Sunday, 2 December 2012

A Tale of Two Hurts

I would imagine that one of the most difficult tasks for a musical artist to accomplish is to produce a cover that is on par with the original song.  Songs that are generally covered are those that are thought or emotionally evoking, prompting the listener to express the emotion they feel when listening to the music through their interpretation of the song itself.  That is no small task.

By and large, I do not enjoy covers.  I often find that the cover frequently fails to recreate the evocations of the original.  I respect the artists that attempt to do it, but I do not hold high hopes when I see one of my favorite bands cover a song.  The original is a special experience.  The cover is a reminder of why that first experience is special.

Not all covers fall short, however.  The one cover that people almost universally agree is superior to the original is Jimi Hendrix's version of Bob Dylan's "All Along the Watchtower".  Bob Dylan himself agrees, saying: "I liked Jimi Hendrix's record of this and ever since he died I've been doing it that way... Strange how when I sing it, I always feel it's a tribute to him in some kind of way."

"All Along the Watchtower" is so closely associated with Jimi Hendrix now that most people probably do not realize that the original was by Bob Dylan.  And that is the ultimate goal of a cover: supersede the original in the minds of the listeners.

Johnny Cash's cover of Nine Inch Nails' "Hurt" undoubtedly falls under the category of on par or better than the original (depending on who you ask, of course).  But where Jimi Hendrix took the song and simply made it better, Johnny Cash took a different angle to the cover entirely.
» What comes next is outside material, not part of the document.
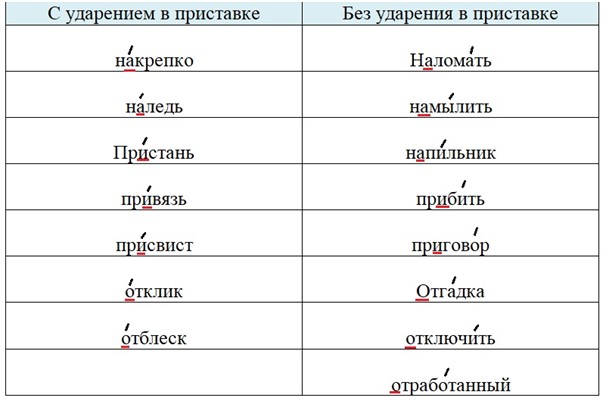 Тренажёр по русскому языку, 3 класс, Тихомирова, страница 50, номер 17, 2026 год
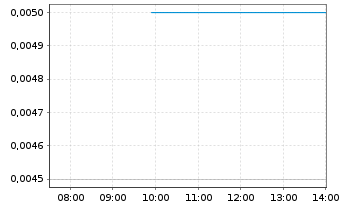 Chart Prairie Lithium Ltd. - Intraday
In the original NIN song, the entire song is a dramatic production.  It is laden with emotion dripping from every word, seemingly a cry for help.  The final minute of statically ominous white noise is the moment of letting go, where the listener actually hears Trent Reznor give up. He so desperately needs anyone to hear his cries of pain, but he is just lost.  Reznor is at the end of his life, but because he chooses to be.  "Hurt" is his swan song: the moment right before he takes his life.

Coming from Johnny Cash, however, the song is filled with a completely different set of emotions.  Johnny Cash released his cover of "Hurt" in 2002, one year before his death.  The cover is a reflection of the life that he has lived, but not with the sense of desperation that Reznor conveys.  Cash's version isn't about giving up.  It is about an old man who is left to ponder the life experiences that shaped him.  He is coming to the acceptance as his life clock ticks one second closer to his death.  A bittersweet end approaches him as he knows he has done wrongs in his life that he will be unable to right.  The simplicity of Cash's version, the repetitiveness of the piano and the guitar chords, paints the picture of a humble man who has simply accepted that his time has come.

The songs are both "Hurt". The lyrics are unchanged.  But nobody can listen to each version and think that they communicate the same meaning.  That is the beauty of Cash's version as well as Reznor's.  In fact, it is almost difficult to say that one is better than the other because the two men were not trying to communicate similar messages.  This is a comparison to apples and oranges.  But it is a fantastic reminder of the depth and complexity that goes into the music that we hear every day, proving that even an unlikely cover can evoke wildly different emotions.